(Short descriptive text snippets)
+++
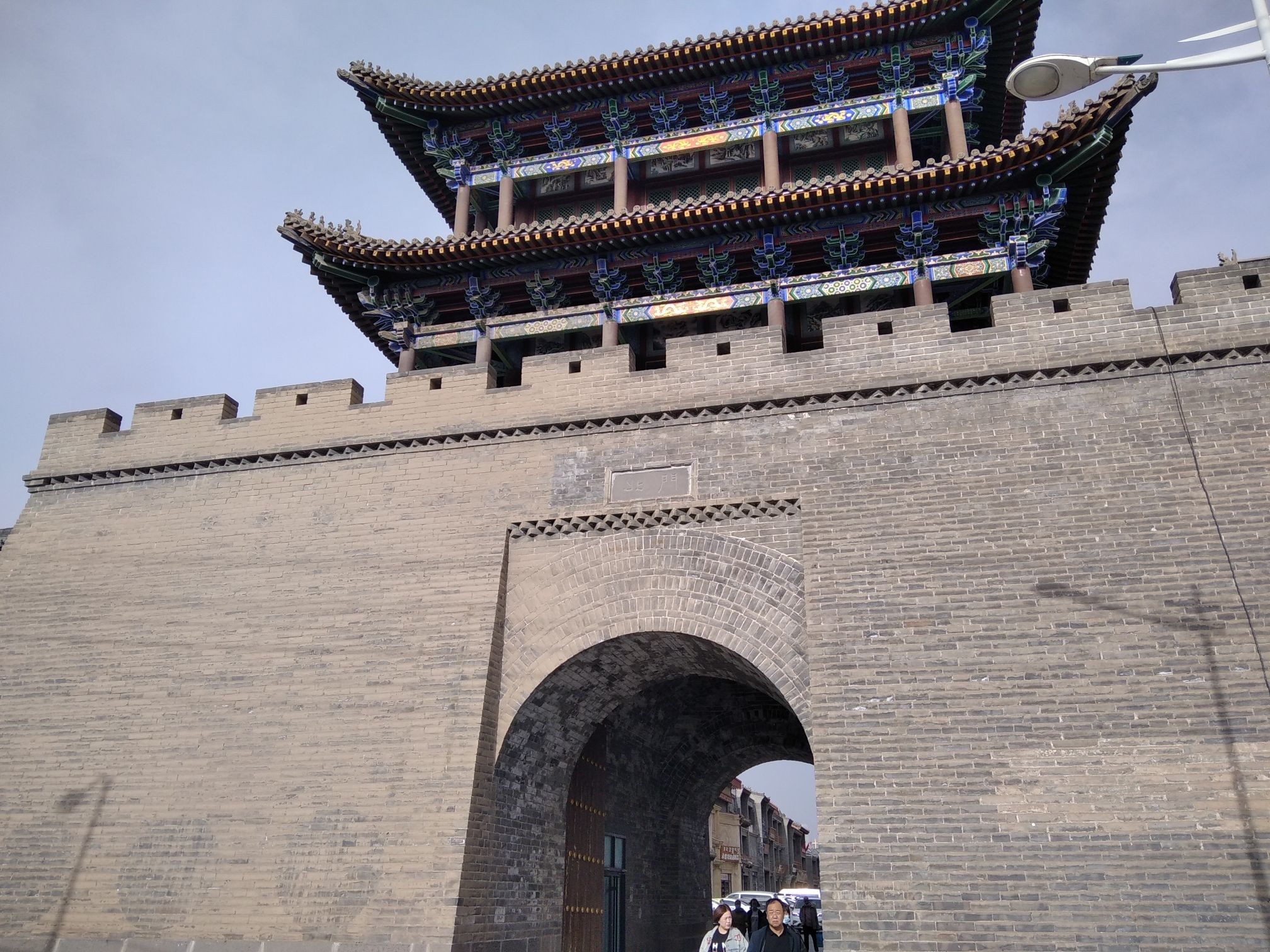 塞上老街西口景观旅行图片 2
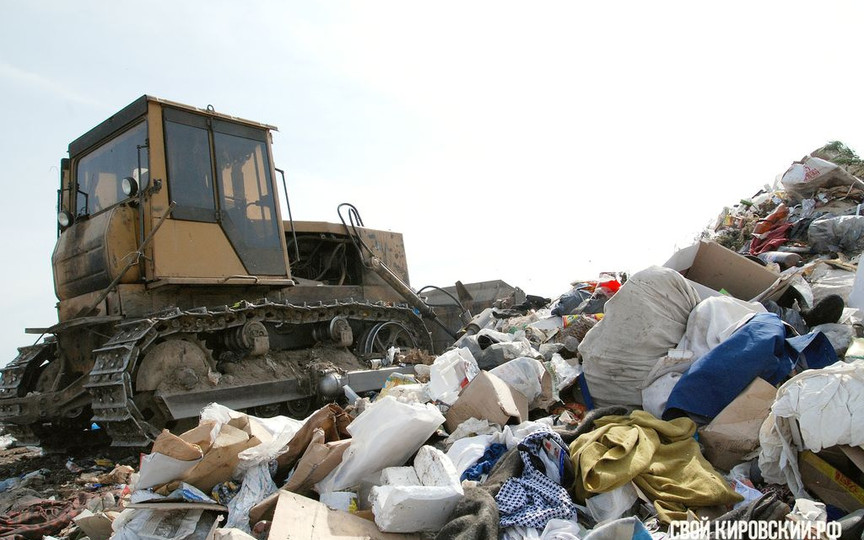 Фото СМИ: Полигоны ТБО в Бурятии грозят мусорным коллапсом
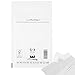 Produktbild OfficeKing Luftpolstertaschen reißfest 100 Stk Weiss C/3 | DIN A5 | 170 x 225mm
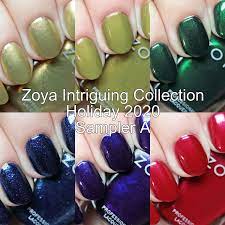 zoya intriguing collection holiday 2020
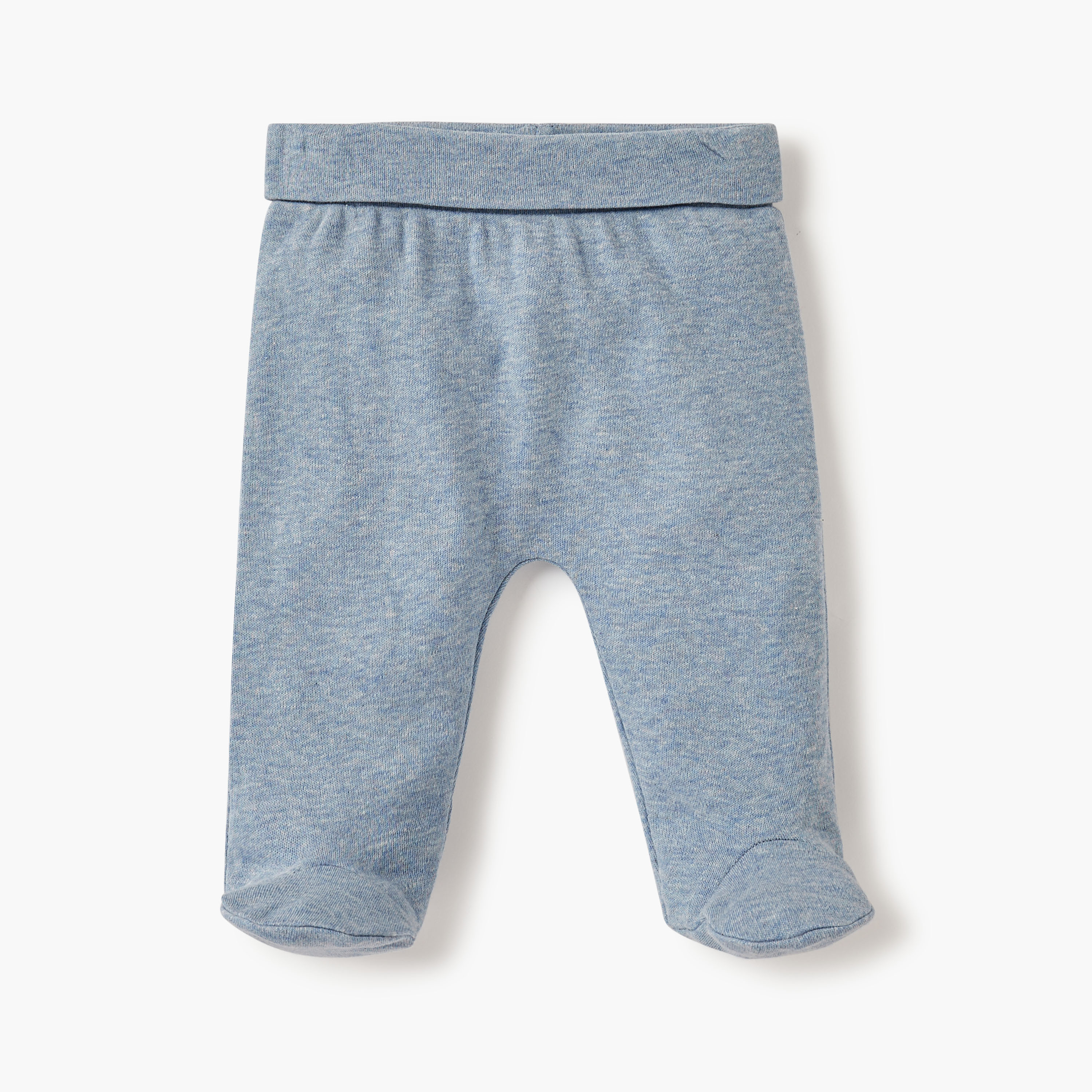 Juniors Elephant Print T-shirt with Closed Feet Pyjama - Set of 2-baby-boys-clothing-nightwear-pyjamasets-image-3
+++
YOUR OBJECTIVE
Quote the records in their entirety, keeping the wording exact and excluding pictures.

TASK RESPONSE
 塞上老街西口景观旅行图片 2
 Фото СМИ: Полигоны ТБО в Бурятии грозят мусорным коллапсом
 Produktbild OfficeKing Luftpolstertaschen reißfest 100 Stk Weiss C/3 | DIN A5 | 170 x 225mm
 zoya intriguing collection holiday 2020
 Juniors Elephant Print T-shirt with Closed Feet Pyjama - Set of 2-baby-boys-clothing-nightwear-pyjamasets-image-3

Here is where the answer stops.